1920’lerde yabancı göçüne getirilen sınırlamalar A.B.D. politikasında önemli bir değişiklik oluşturdu. Göç, XIX. yüzyıl sonlarında büyük ölçüde artmış ve XX. yüzyılın başlarında en yüksek düzeyine erişmişti. Sözgelimi, Amerika Birleşik Devletleri’ne 1900-1915 arasında, pek çoğu Güney ve Doğu Avrupalı 13 milyon göçmen geldi. Bahis konusu göçmenler arasında çok sayıda Yahudi ya da Katolik bulunması, çoğunluğu Anglosakson ve Protestan olan daha eski Amerikalıları korkutuyordu. Bunlardan bazıları, düşük ücretli işlerde çalışmaya razı olan yeni gelenlere karşı çıkıyorlar, bazıları da, Eski Dünya’daki geleneklerini sürdürmeleri, çok kez kentlerde kapalı etnik grublar halinde yaşamaları ve genel Amerikan kültürüne uymak istemiyormuş gibi görünmeleri yüzünden yeni göçmenlerden hoşlanmıyorlardı.

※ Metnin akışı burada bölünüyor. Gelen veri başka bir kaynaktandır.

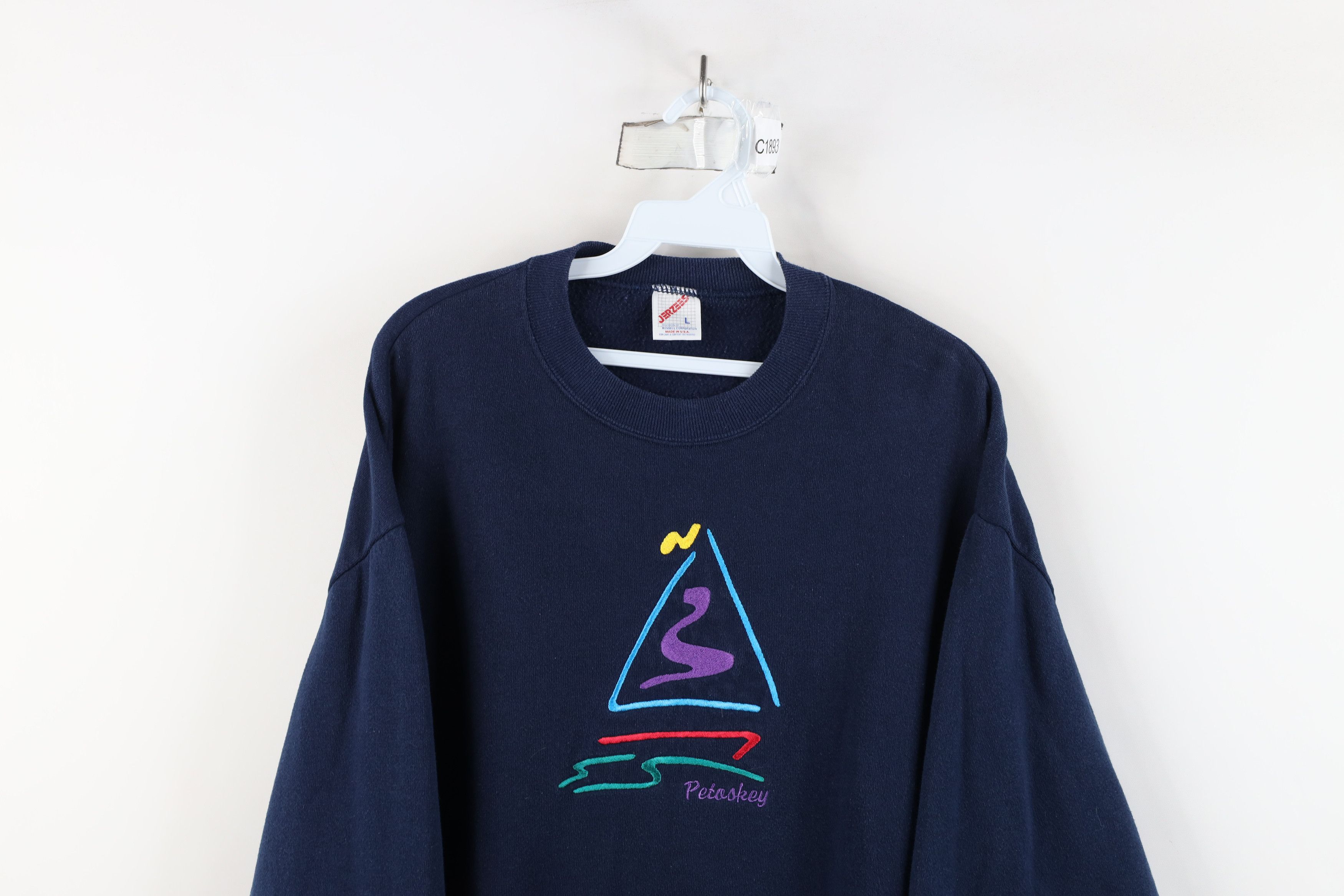 Vintage Vintage 90s Streetwear Petoskey Sailing Sweatshirt USA Size L / US 10 / IT 46 - 2 Thumbnail
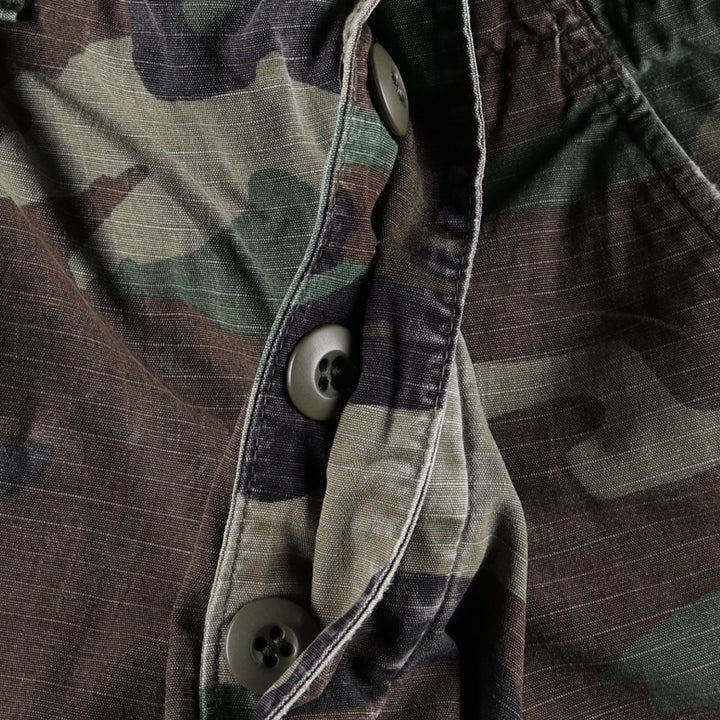 1990'S US Military Issue Woodland Camo Ripstop Military Cargo Pants Combat Pants Made in USA Small-Regular cotton Khaki type Vintage Second Hand
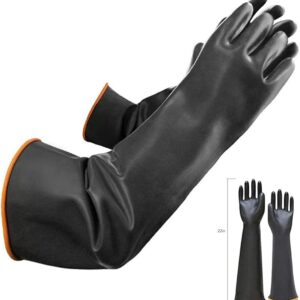 22" Latex Chemical Resistant Gloves, Reusable Heavy Duty Long Rubber Gloves Dishwashing Gloves, Industrial Safety Gloves for Men, Forearm Protection Waterproof Resist Strong Acid, Alkali, Oil, XL Size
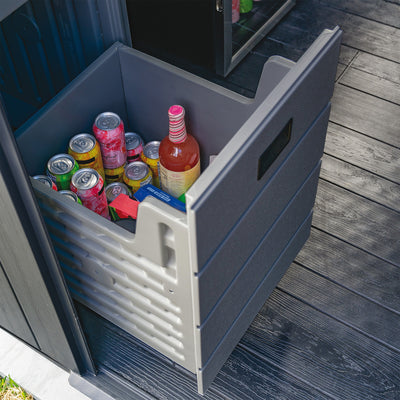 Suncast 8' x 7' Cabana Entertainment Storage Shed, All-Weather Shelter, Gray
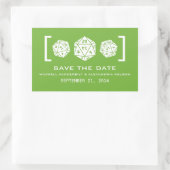 緑のD20サイコロ ゲーマー向け Save the Date ステッカー (バッグ)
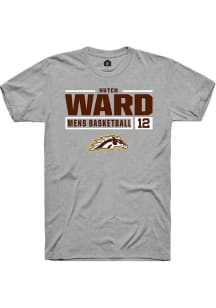 hutch ward  Western Michigan Broncos Grey Rally NIL Stacked Box Short Sleeve T Shirt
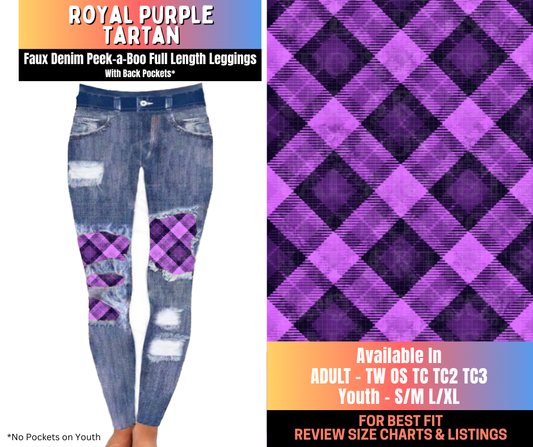 Preorder! Closes 10/15. ETA Jan. Royal Purple Tartan Full Length Faux Denim Peekaboo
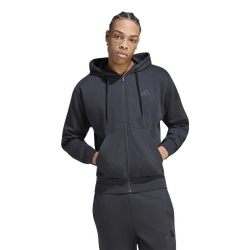 Men's - adidas Essentials 3-Stripes Fleece Hoodie - Black/Black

Birinci Dünya Savaşı’ndan sonra büyüyen göç dalgası sonucu, Ku Klux Klan benzeri, yerli halkın üstünlüğü hareketleri yoğunlaştı. “Yüzde yüz Amerikalılık” çağrısında bulunan, yeniden örgütlenmiş bir Ku Klux Klan gelişti. Yeni Klan, Yeniden Yapılanma dönemindekinin aksine, yalnız ülkede doğmuş olan Protestanları üyeliğe kabul ediyor, Afrikalı Amerikalılar kadar, Katoliklere, Yahudilere ve göçmenlere de karşı çıkıyordu. Düşmanlarının tanımını yeniden düzenleyen Klan, görüşlerini Kuzey’e ve Ortabatı’ya da yaydı ve bir süre için üye sayısı çok kabardı.
Göç karşıtı duygular bir dizi yasal önlem alınmasına yol açtı ve 1924’te Göçmen Kontenjanı Yasası ile 1929’te de bir başka yasa kabul edildi. Bu yasalar uyarınca, 1920 yılına kadar Amerika Birleşik Devletleri’nde yerleşmiş bulunan yurttaşlarının sayısına bağlı olarak saptanan ülke kontenjanları çerçevesinde, her yıl alınacak göçmen sayısı 150.000 kişiyle sınırlandı. Bu sınırlamaların bir sonucu olarak, yerli halkın üstünlüğü örgütlerinin çekiciliği azaldı; 1930’lardaki Büyük Bunalım da göçte büyük bir düşüşe yol açtı.